== What to work on ==
What you return must match the listing below line for line, minus its pictures.

== Material supplied ==
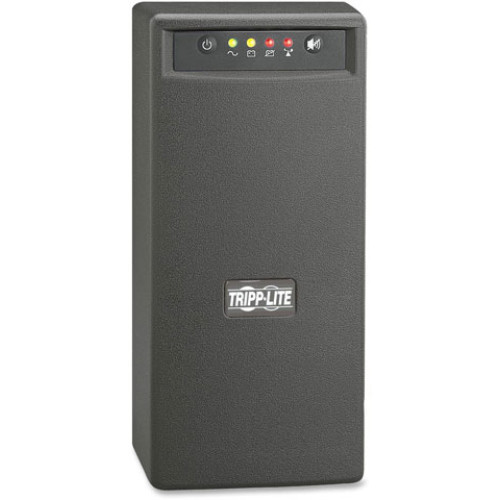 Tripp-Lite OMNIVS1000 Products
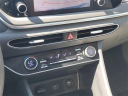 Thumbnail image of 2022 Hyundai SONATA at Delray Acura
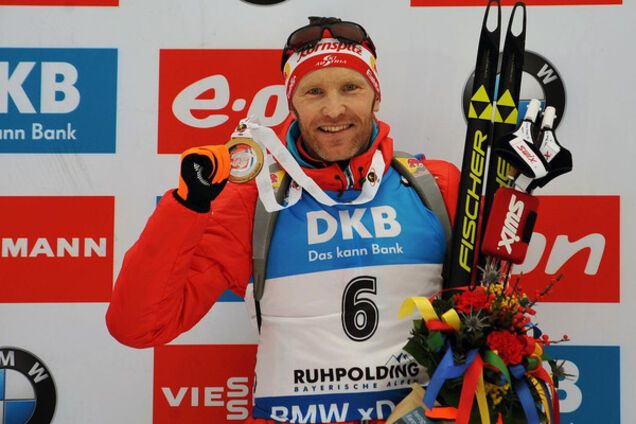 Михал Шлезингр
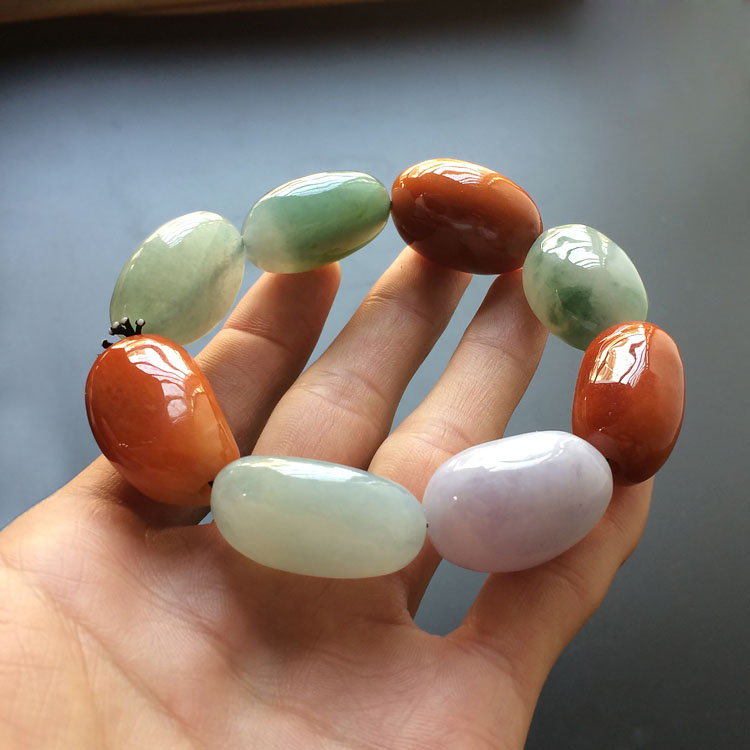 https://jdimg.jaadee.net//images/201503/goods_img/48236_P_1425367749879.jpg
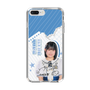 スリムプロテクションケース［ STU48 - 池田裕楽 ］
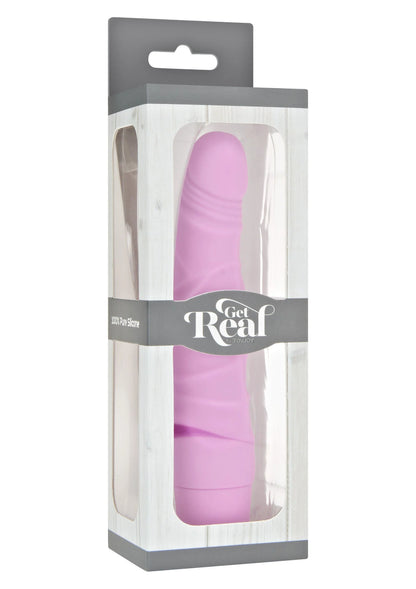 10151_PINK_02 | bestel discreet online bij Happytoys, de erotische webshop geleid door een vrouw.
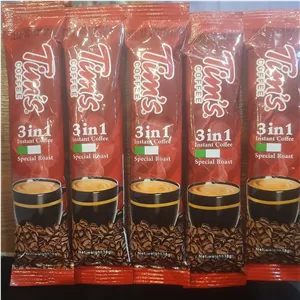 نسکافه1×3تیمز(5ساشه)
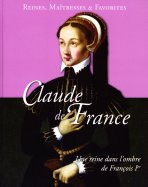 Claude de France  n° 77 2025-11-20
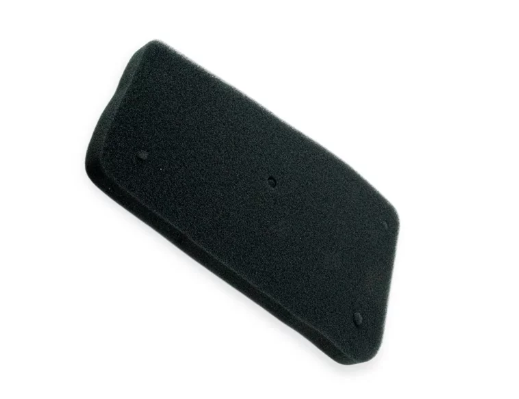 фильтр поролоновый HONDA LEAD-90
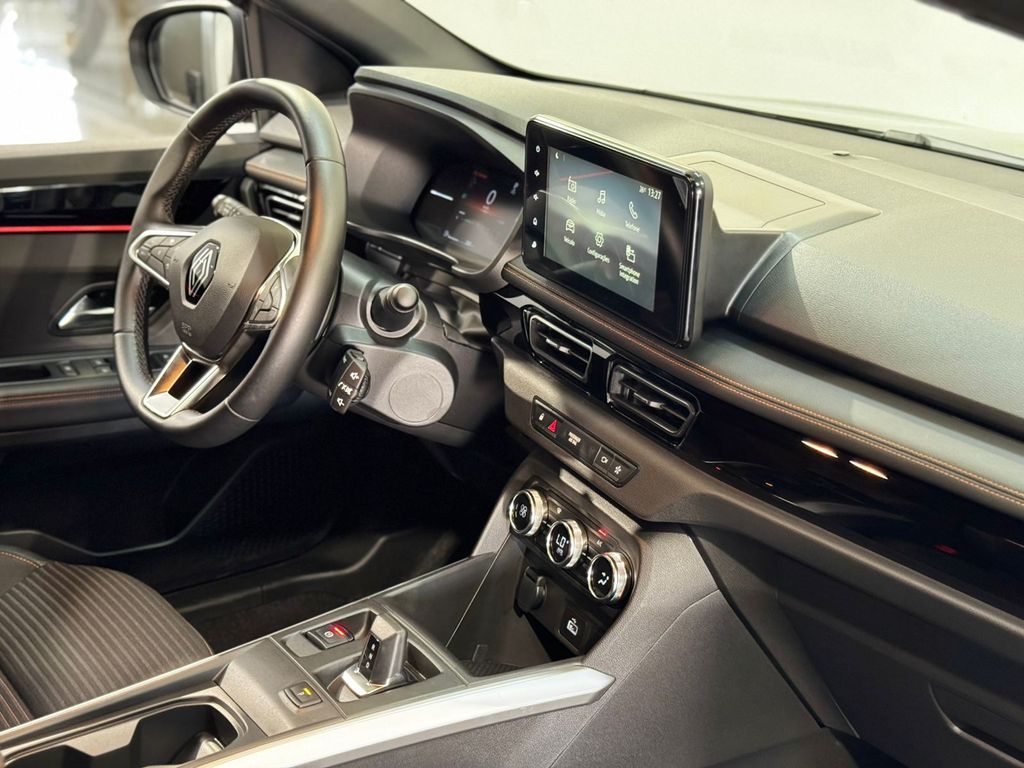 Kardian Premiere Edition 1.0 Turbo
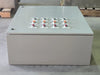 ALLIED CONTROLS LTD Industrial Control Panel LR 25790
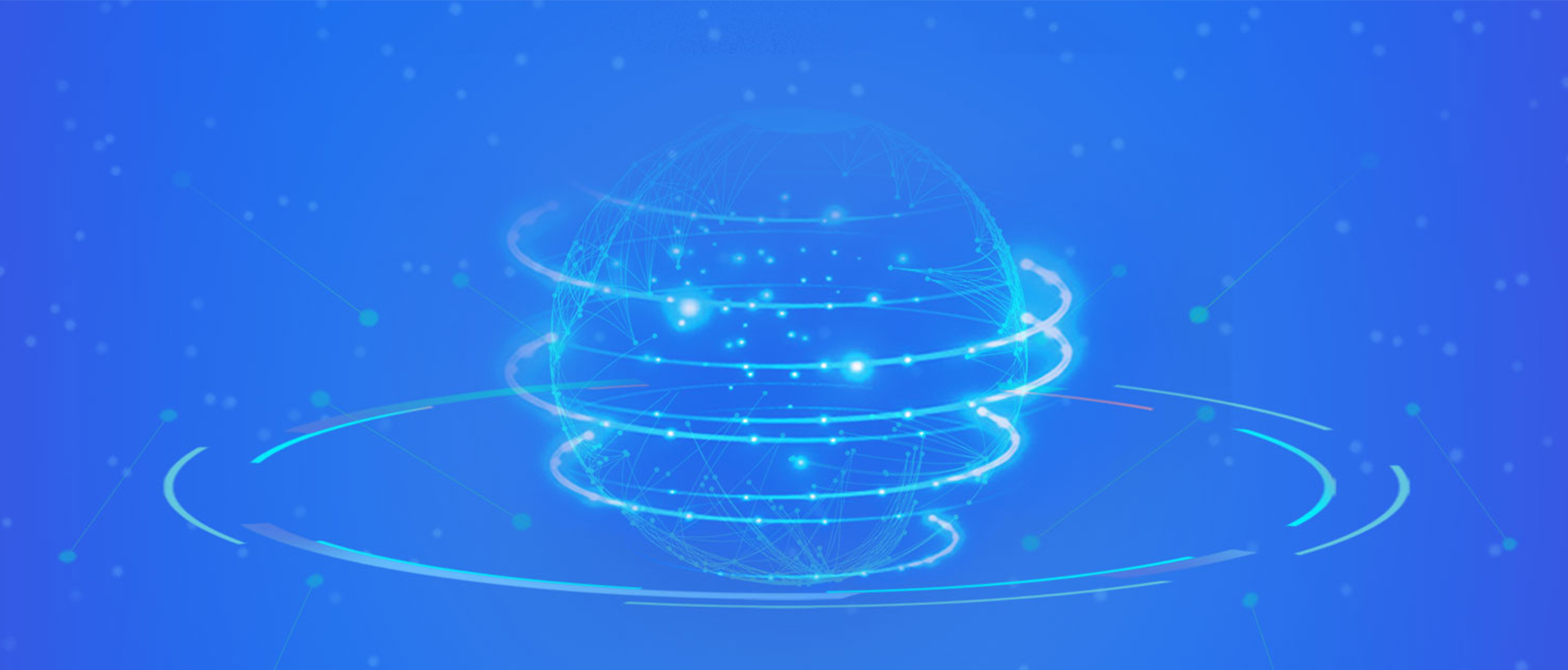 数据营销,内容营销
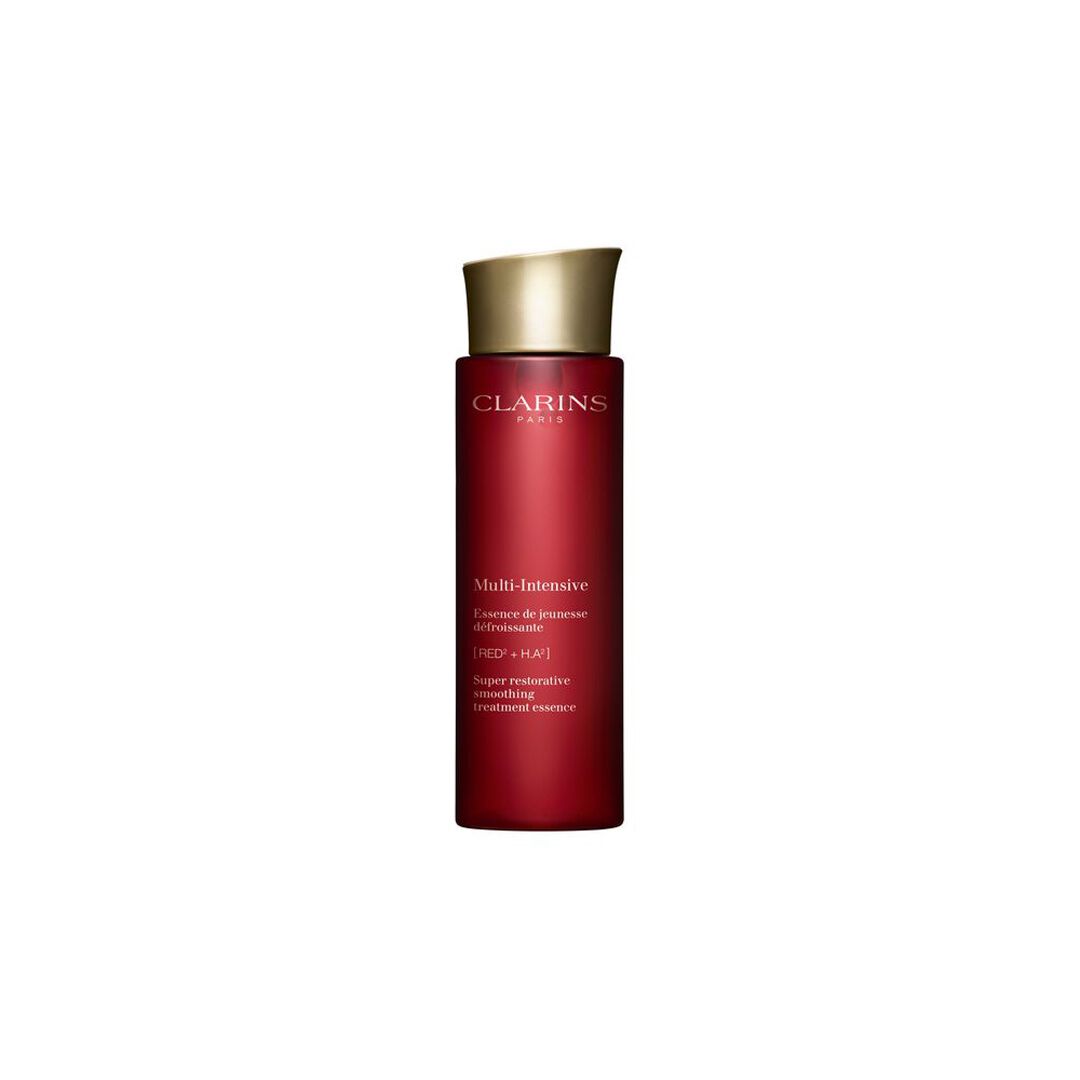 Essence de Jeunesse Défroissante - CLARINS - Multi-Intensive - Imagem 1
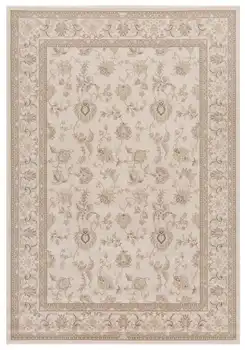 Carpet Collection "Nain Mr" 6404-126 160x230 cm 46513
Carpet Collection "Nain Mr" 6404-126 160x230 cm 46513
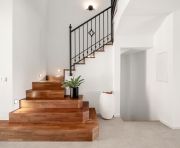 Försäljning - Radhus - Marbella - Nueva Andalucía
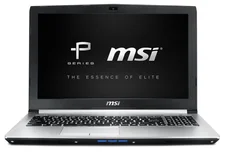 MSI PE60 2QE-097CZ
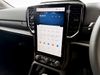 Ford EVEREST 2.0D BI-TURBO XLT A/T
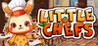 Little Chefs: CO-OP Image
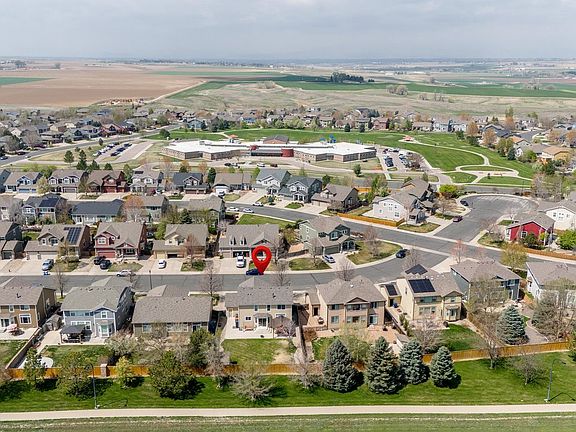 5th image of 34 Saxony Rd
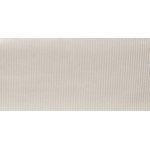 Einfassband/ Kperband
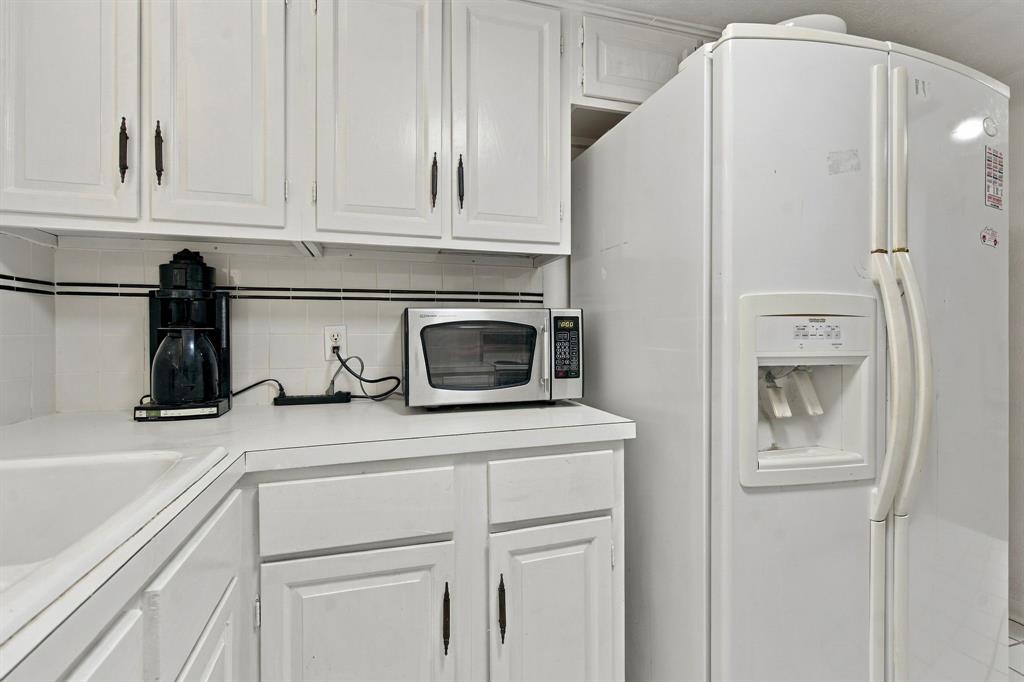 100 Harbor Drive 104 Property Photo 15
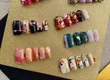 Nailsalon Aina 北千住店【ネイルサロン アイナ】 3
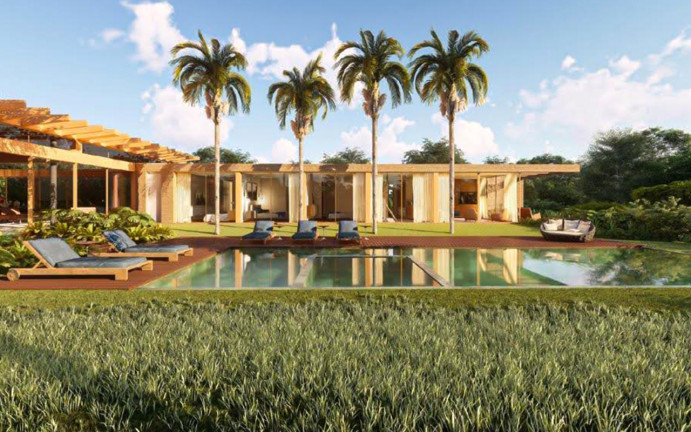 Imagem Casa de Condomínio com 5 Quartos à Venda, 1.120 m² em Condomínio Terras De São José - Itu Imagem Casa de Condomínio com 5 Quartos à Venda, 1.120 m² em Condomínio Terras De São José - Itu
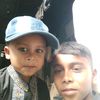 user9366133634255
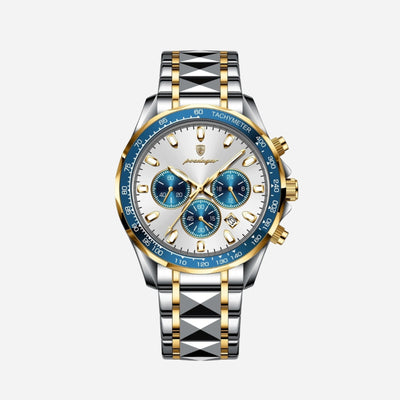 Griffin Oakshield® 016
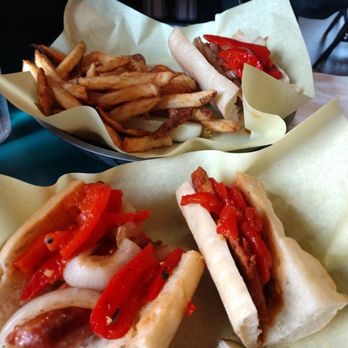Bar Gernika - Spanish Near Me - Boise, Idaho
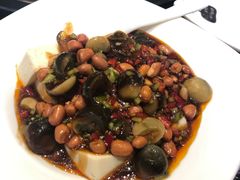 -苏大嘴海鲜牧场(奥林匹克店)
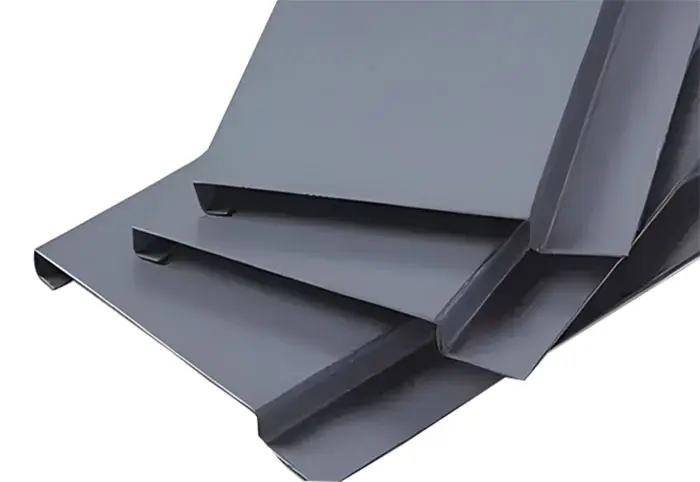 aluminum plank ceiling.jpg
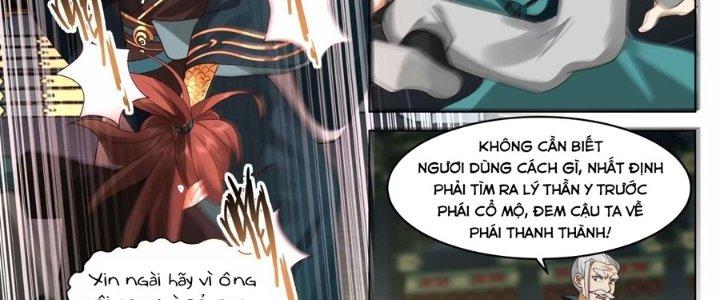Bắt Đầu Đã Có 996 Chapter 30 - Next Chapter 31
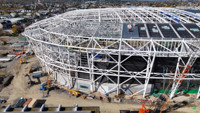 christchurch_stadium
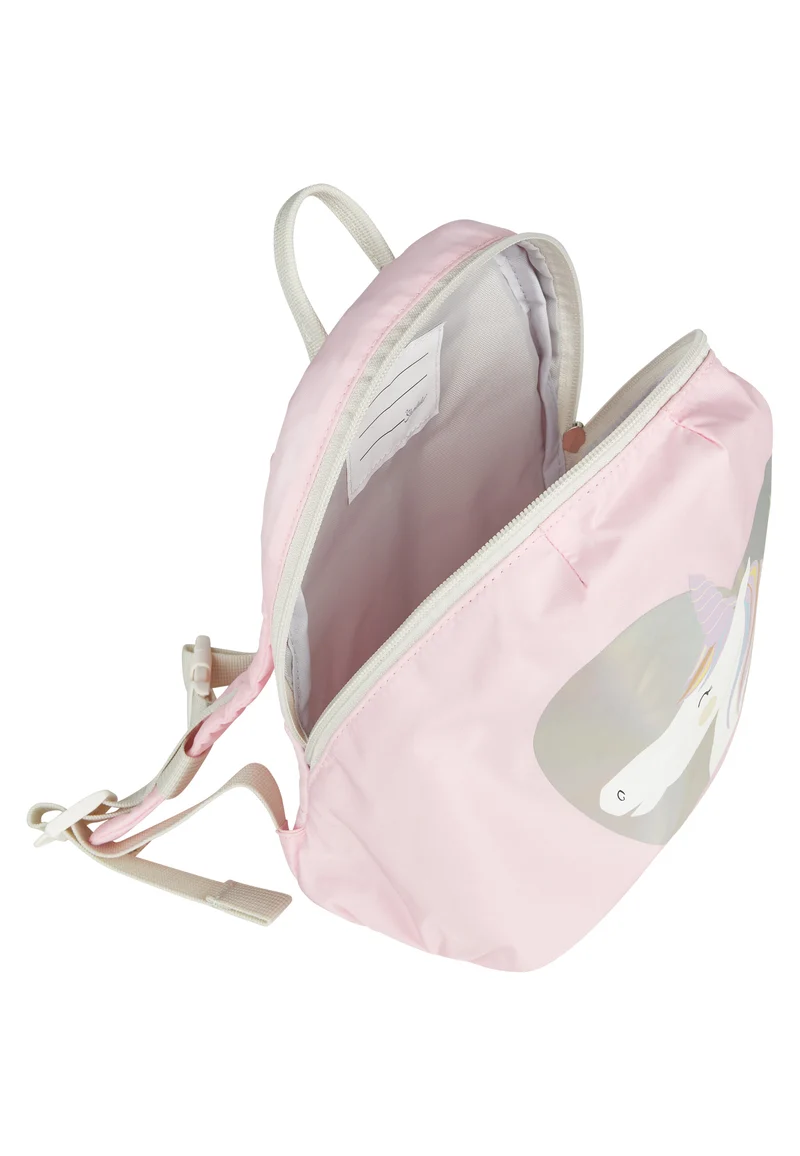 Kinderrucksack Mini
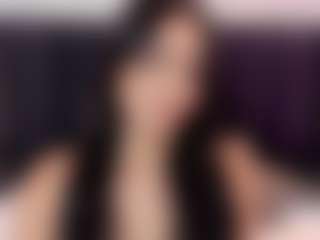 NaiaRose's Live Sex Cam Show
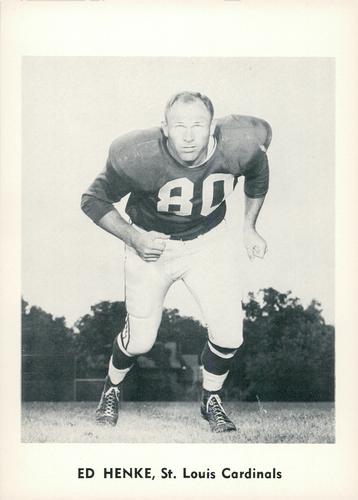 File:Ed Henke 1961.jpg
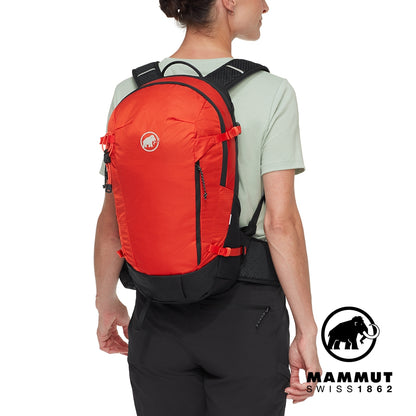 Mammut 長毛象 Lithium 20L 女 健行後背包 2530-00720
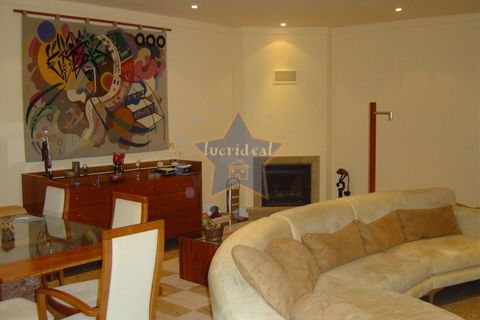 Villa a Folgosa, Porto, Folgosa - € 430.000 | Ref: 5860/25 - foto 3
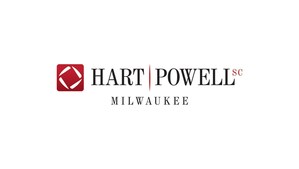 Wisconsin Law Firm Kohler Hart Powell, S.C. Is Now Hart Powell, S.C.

== Output for this exercise ==
 Tripp-Lite OMNIVS1000 Products
 Thumbnail image of 2022 Hyundai SONATA at Delray Acura
 Михал Шлезингр
 https://jdimg.jaadee.net//images/201503/goods_img/48236_P_1425367749879.jpg
 スリムプロテクションケース［ STU48 - 池田裕楽 ］
 10151_PINK_02 | bestel discreet online bij Happytoys, de erotische webshop geleid door een vrouw.
 نسکافه1×3تیمز(5ساشه)
 Claude de France  n° 77 2025-11-20
 фильтр поролоновый HONDA LEAD-90
 Kardian Premiere Edition 1.0 Turbo
 ALLIED CONTROLS LTD Industrial Control Panel LR 25790
 数据营销,内容营销
 Essence de Jeunesse Défroissante - CLARINS - Multi-Intensive - Imagem 1
 Carpet Collection "Nain Mr" 6404-126 160x230 cm 46513
Carpet Collection "Nain Mr" 6404-126 160x230 cm 46513
 Försäljning - Radhus - Marbella - Nueva Andalucía
 MSI PE60 2QE-097CZ
 Ford EVEREST 2.0D BI-TURBO XLT A/T
 Little Chefs: CO-OP Image
 5th image of 34 Saxony Rd
 Einfassband/ Kperband
 100 Harbor Drive 104 Property Photo 15
 Nailsalon Aina 北千住店【ネイルサロン アイナ】 3
 Imagem Casa de Condomínio com 5 Quartos à Venda, 1.120 m² em Condomínio Terras De São José - Itu Imagem Casa de Condomínio com 5 Quartos à Venda, 1.120 m² em Condomínio Terras De São José - Itu
 user9366133634255
 Griffin Oakshield® 016
Bar Gernika - Spanish Near Me - Boise, Idaho
 -苏大嘴海鲜牧场(奥林匹克店)
 aluminum plank ceiling.jpg
Bắt Đầu Đã Có 996 Chapter 30 - Next Chapter 31
 christchurch_stadium
 Kinderrucksack Mini
 NaiaRose's Live Sex Cam Show
 File:Ed Henke 1961.jpg
 Mammut 長毛象 Lithium 20L 女 健行後背包 2530-00720
 Villa a Folgosa, Porto, Folgosa - € 430.000 | Ref: 5860/25 - foto 3
 Wisconsin Law Firm Kohler Hart Powell, S.C. Is Now Hart Powell, S.C.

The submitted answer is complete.